§ Try it:
Could you reproduce, from the records below, everything from the line with "Travel agent jailed" down to the line with "20154 NW 12th Pl , Miami Gardens, FL 33169", keeping both of those lines and changing nothing?

(Beginning of Material for this task)

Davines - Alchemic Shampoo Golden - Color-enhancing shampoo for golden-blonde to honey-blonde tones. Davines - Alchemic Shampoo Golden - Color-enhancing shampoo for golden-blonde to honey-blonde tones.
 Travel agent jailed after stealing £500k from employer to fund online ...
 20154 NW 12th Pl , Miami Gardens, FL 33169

(End of Material for this task)
(Beginning of Material for this task)

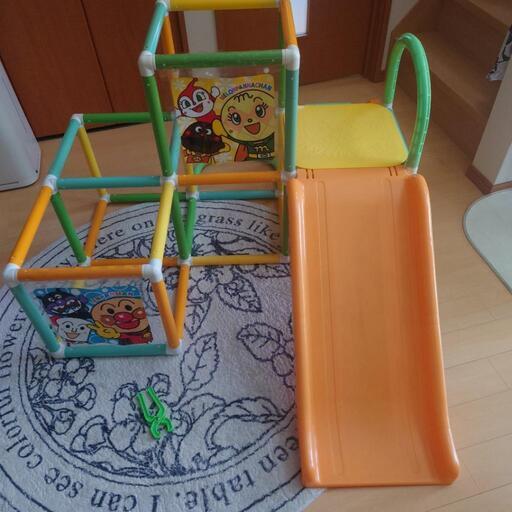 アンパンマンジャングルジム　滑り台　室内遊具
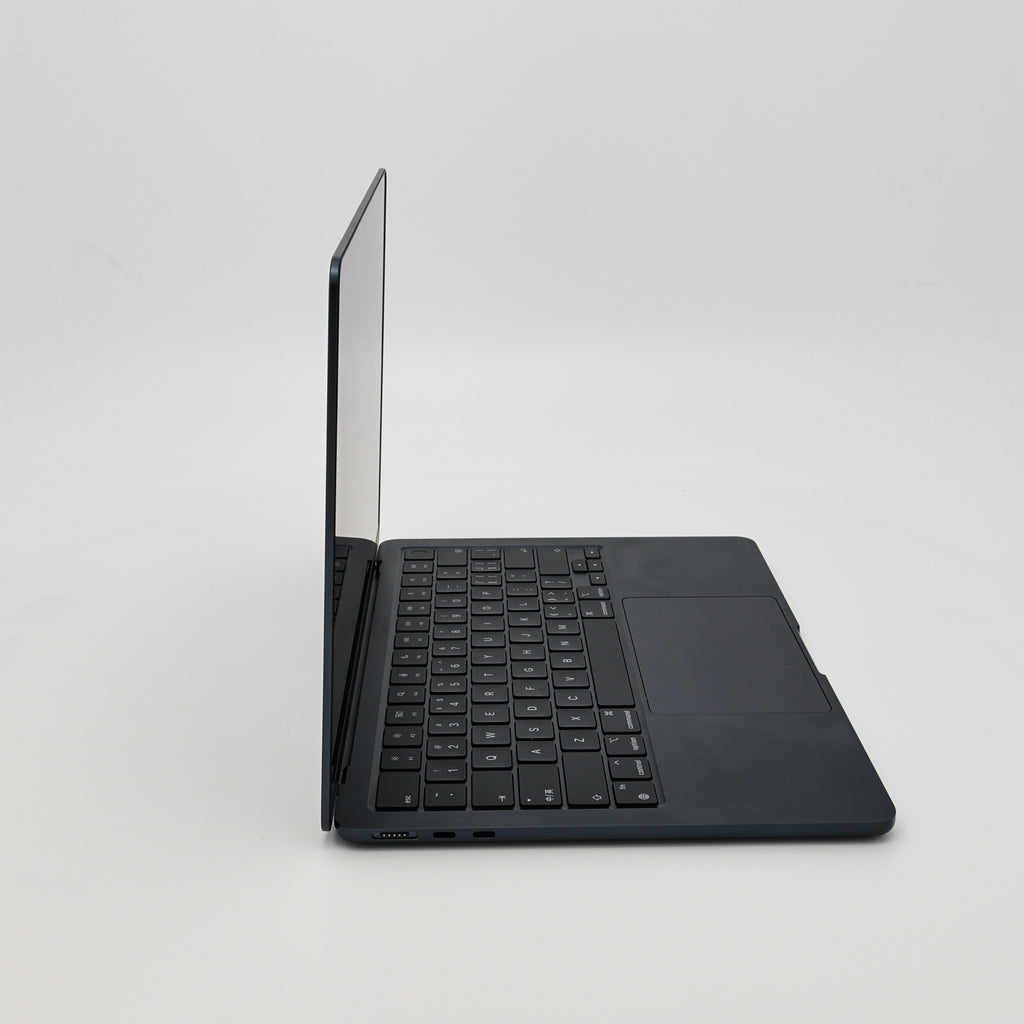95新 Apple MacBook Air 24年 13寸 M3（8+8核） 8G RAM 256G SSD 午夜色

(End of Material for this task)

§ Exercise solution:
 Travel agent jailed after stealing £500k from employer to fund online ...
 20154 NW 12th Pl , Miami Gardens, FL 33169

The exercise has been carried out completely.